|Clarkson Stanfield Shakespeare Cliff Dover, 1849|
National Maritime Museum, Greenwich
I’ve learnt subsequently that to Shakespeare scholars Will-never-saw-the-sea is an old chestnut, and probably true. Apparently there are notorious examples of Shakespeare getting it wrong about the sea, though I have no chapter and verse. I hope to come across these one day. Must look up The Tempest.
But could someone who had never seen cliffs, I ask myself, have written the cliff passage in King Lear? Intending to do away with himself, the blind Gloucester asks Edgar (his son but he doesn’t know it) to lead him to Dover.
There is a cliff, whose high and bending head
Looks fearfully in the confined deep:
Bring me but to the very brim of it ...
Edgar fools his father into thinking he is at the cliff edge and describes the scene:
Here's the place! - stand still - how fearful
And dizzy 'tis, to cast one's eye so low!
... half way down
Hangs one that gathers samphire: dreadful trade!
Methinks he seems no bigger than his head.

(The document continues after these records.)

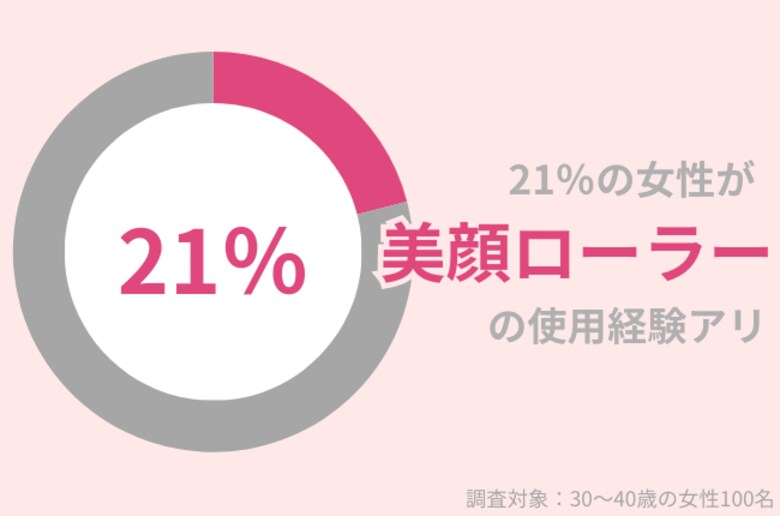 21%の30代女性が『美顔ローラー』使用経験アリ!「やめた方が良い」と言われる理由とは?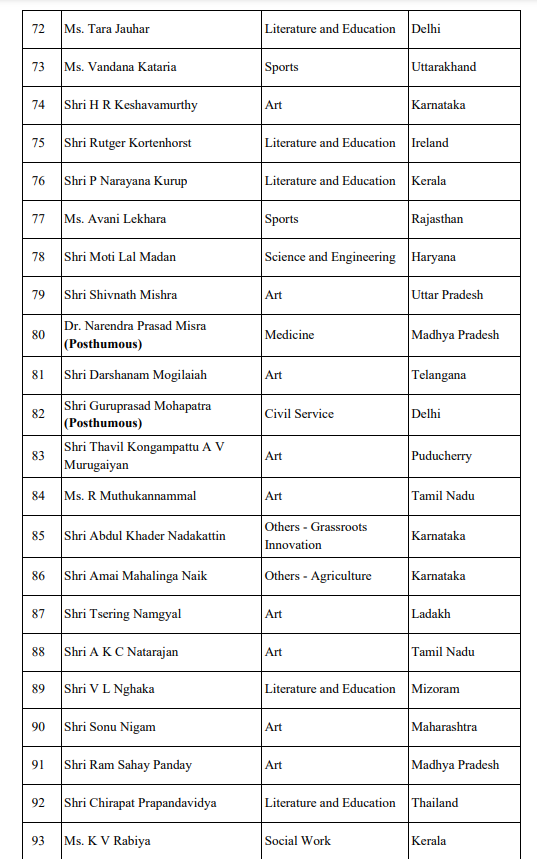 Padma Awards 2022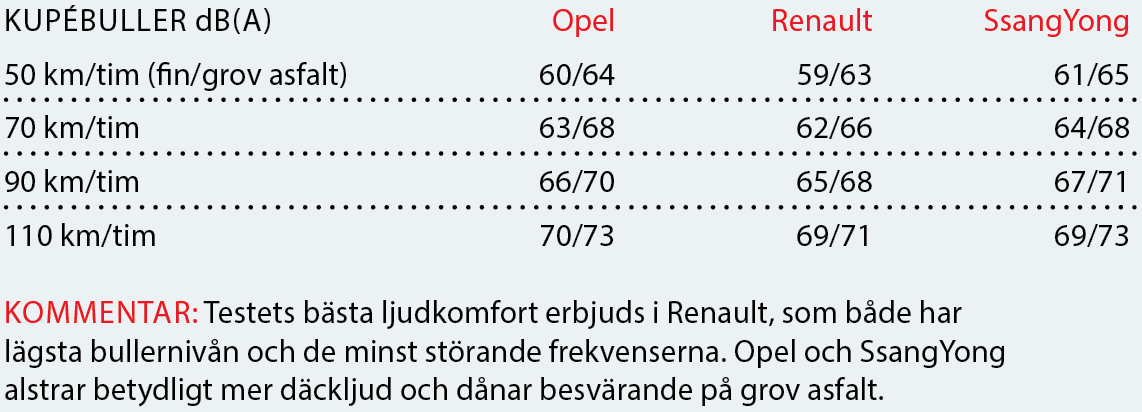 Testvärden: Opel Crossland X, SsangYong Tivoli och Renault Captur (2017)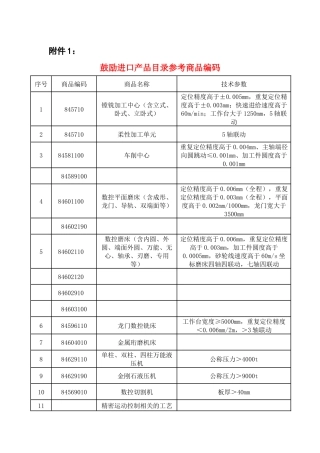 鼓励进口产品管理参考商品编码表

In homage to this passage, Dover boasts a Shakespeare Cliff. The Dover museum website tells us that samphire is one of those plants which abound on chalk grasslands and even on the cliff face. The Rock Samphire is a native perennial with small yellow florets, and was once a favourite vegetable, the leaves and stalk of which were cooked and eaten like asparagus. Samphire gatherers collected the plant by attaching themselves to a rope suspended from the cliff top. In 1768 a highwayman escaped from confinement in Dover Castle down a cliff by way of a rope left by a samphire gatherer.
The museum offers the additional information that in medieval Dover, Sharpness Cliff was a place of execution. The prosecutor had to double as executioner and throw the thief off the cliff.
But I digress. Could Shakespeare have written those lines without ever seeing a cliff, that’s the question. Hm. Maybe. And perhaps the same applies to the beetling cliff in Hamlet? Horatio fears the ghost will lead the prince there to his death and warns him in these words …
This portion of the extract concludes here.